If you replace f_xy in your first example with f_yx, then I'm with you. For basically all examples of interest in physics or the sciences, f_xy=f_yx. Hence, the free interchange of x and y. In mathematics there are examples of functions where f_xy is not equal to f_yx.

 

[kingwinner]

If you replace f_xy in your first example with f_yx, then I'm with you. For basically all examples of interest in physics or the sciences, f_xy=f_yx. Hence, the free interchange of x and y.
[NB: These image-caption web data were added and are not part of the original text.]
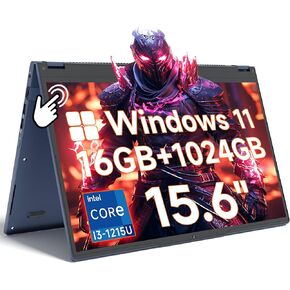 2 في 1 جهاز كمبيوتر محمول قابل للتحويل 15.6 بوصة (ذاكرة الوصول العشوائي 16 جيجا بايت ، 1 تيرابايت SSD) ، معالج I3-1215U 6-كوور (حتى 4.4 جيجا هرتز) ، FHD IPS اللمس الكمبيوتر المحمول الكمبيوتر المحمول 360 ° ، Bluetooth ، WiFi 2.4G+5G ، WebCAM ، USB 3.0 ، من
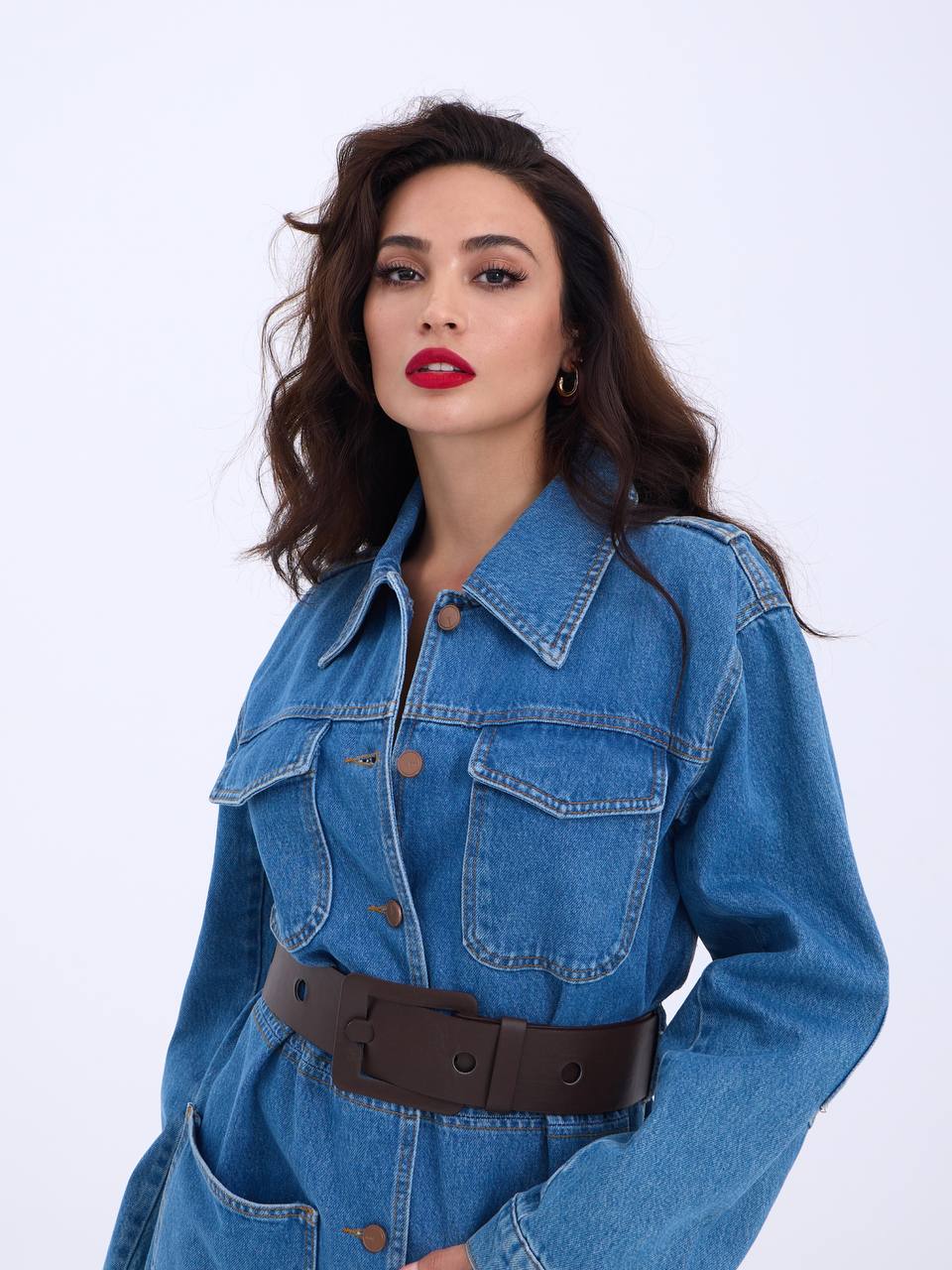 Jeans jacket with belt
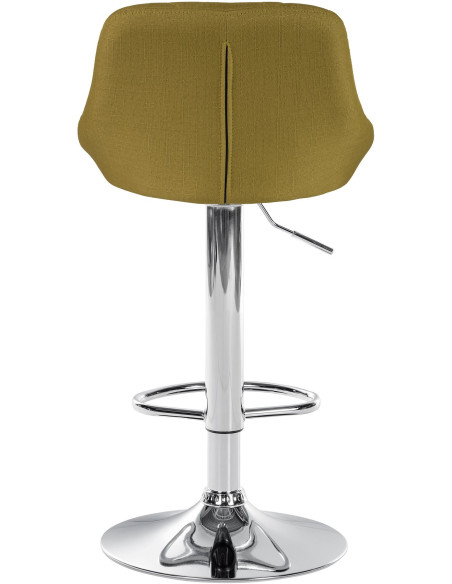 Tabouret de bar moderne chic en Tissu Vert Métal Argenté Zerion - 5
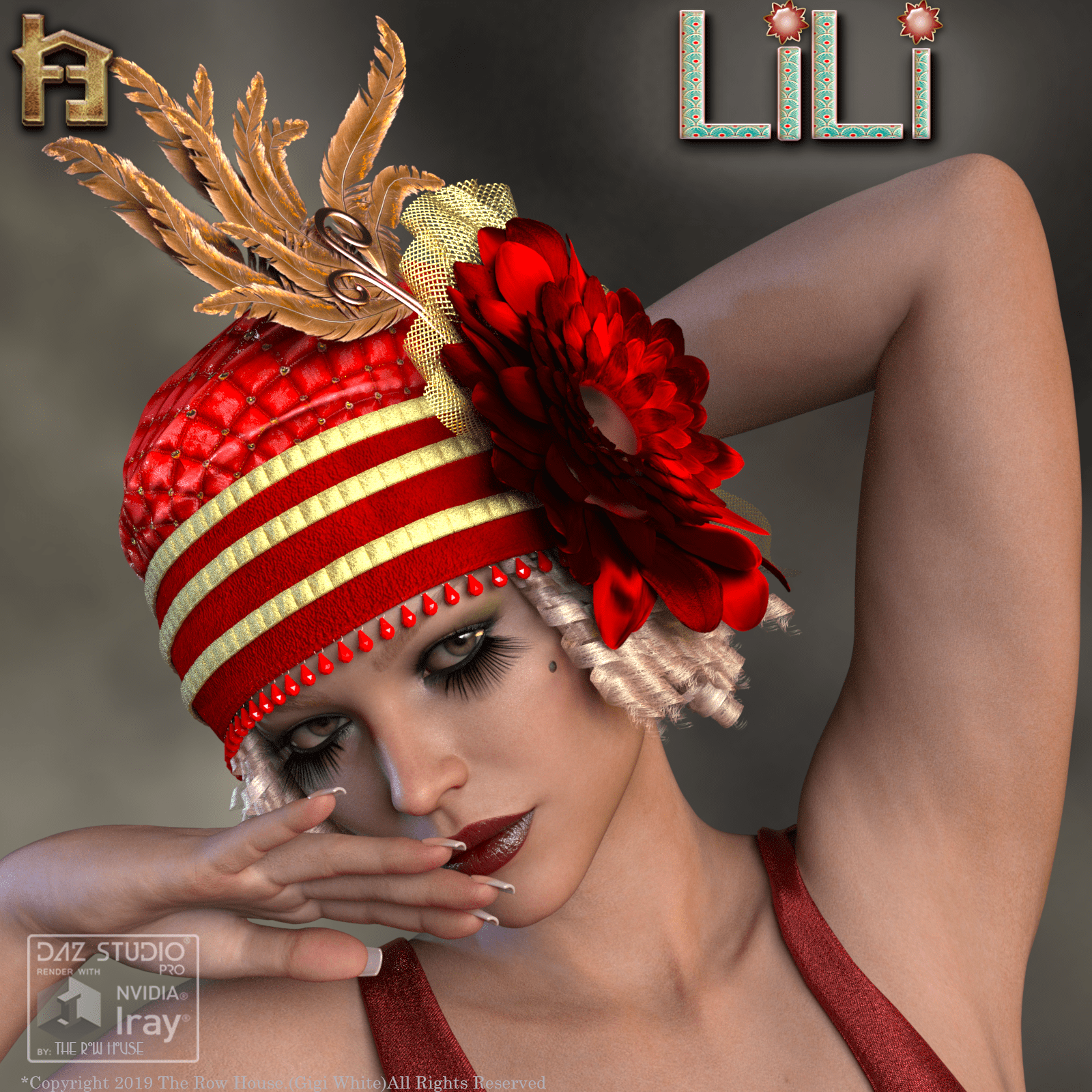 Lili 1920’s Flapper Cloche Hat_DAZ3D下载站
In mathematics there are examples of functions where f_xy is not equal to f_yx.

f_xy means (f_x)_y, no?
So I would interpret f_xy as taking partial derivative w.r.t. x first and then w.r.t. y which is consistent with my calculus textbook.

However, in my studies of partial differential equations (which I would classify as math rather than science), they write f_xy=∂²f/∂x∂y=∂_xyf which is inconsistent with the above.
∂²f/∂x∂y means taking partial derivative w.r.t. y first and then w.r.t. x, but f_xy to me is the opposite.

Which notation is standard in mathematics?

Thanks!

 

[Dick]

You know, I've never thought about it that hard. Wikipedia says ∂2f/∂x∂y is f_yx. I guess I'll trust them. The operator notation is clearer.

 

[D H]

Which one is standard? Is the second one wrong, or is it acceptable? The second one is driving me crazy...is it ever used anywhere?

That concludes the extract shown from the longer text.